- GOAL OF THE EXERCISE
Word for word, copy the lines beginning at the one with "Round Cathedral Solitaire" and ending at the last line below; pictures stay out.

- DATA SECTION

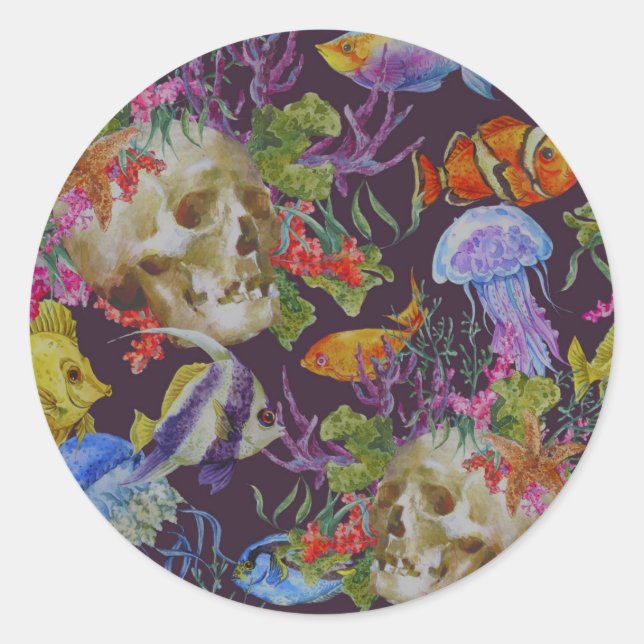 Sea Life Grunge Pattern Classic Round Sticker (Front)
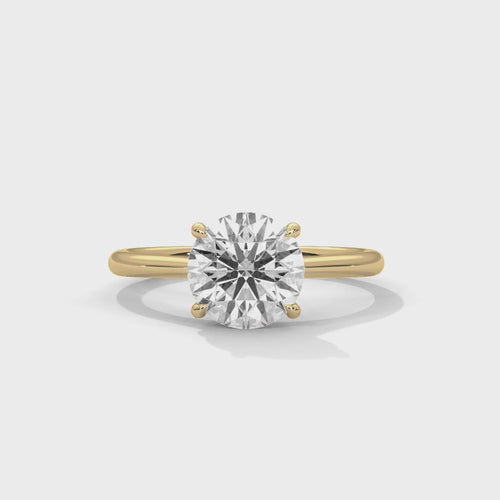 Round Cathedral Solitaire Lab Grown Diamond Ring | Tall Profile | 14K 18K Gold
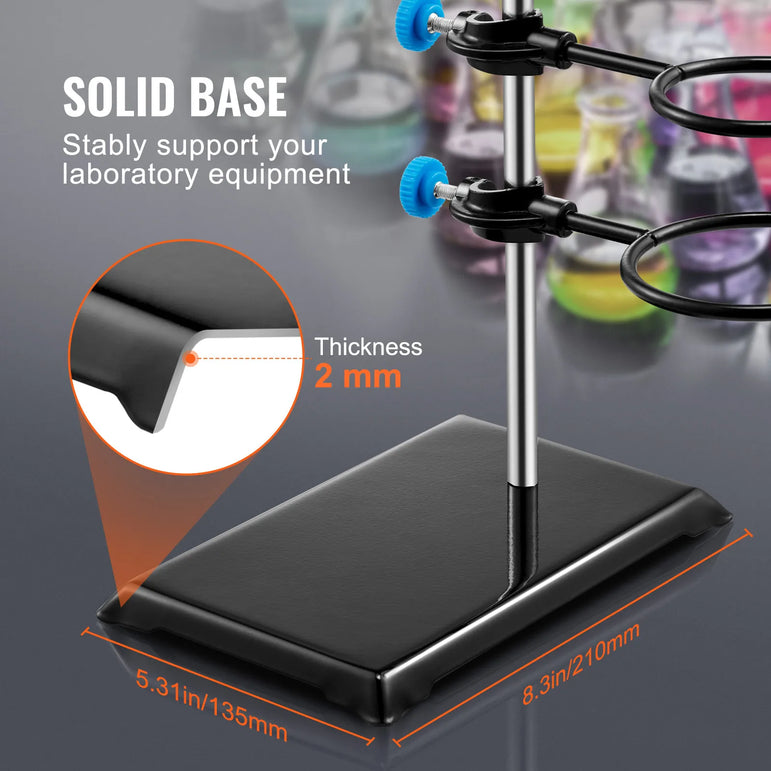 SucceBuy Lab Stand Support Laboratory Retort Support Stand Set Steel Lab Stand 23.6" Rod and 8.3" x 5.3" Cast Iron Base w/ Clamp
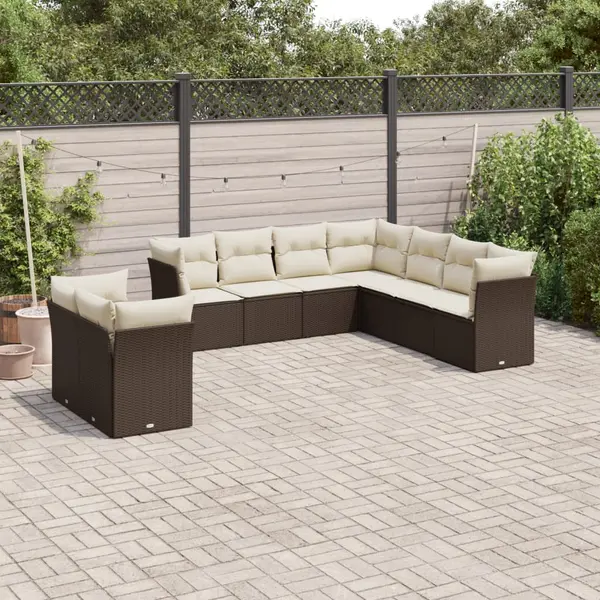 Gossi set canapele de gradina cu perne, 9 piese, maro, poliratan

- SOLUTION
 Round Cathedral Solitaire Lab Grown Diamond Ring | Tall Profile | 14K 18K Gold
 SucceBuy Lab Stand Support Laboratory Retort Support Stand Set Steel Lab Stand 23.6" Rod and 8.3" x 5.3" Cast Iron Base w/ Clamp
 Gossi set canapele de gradina cu perne, 9 piese, maro, poliratan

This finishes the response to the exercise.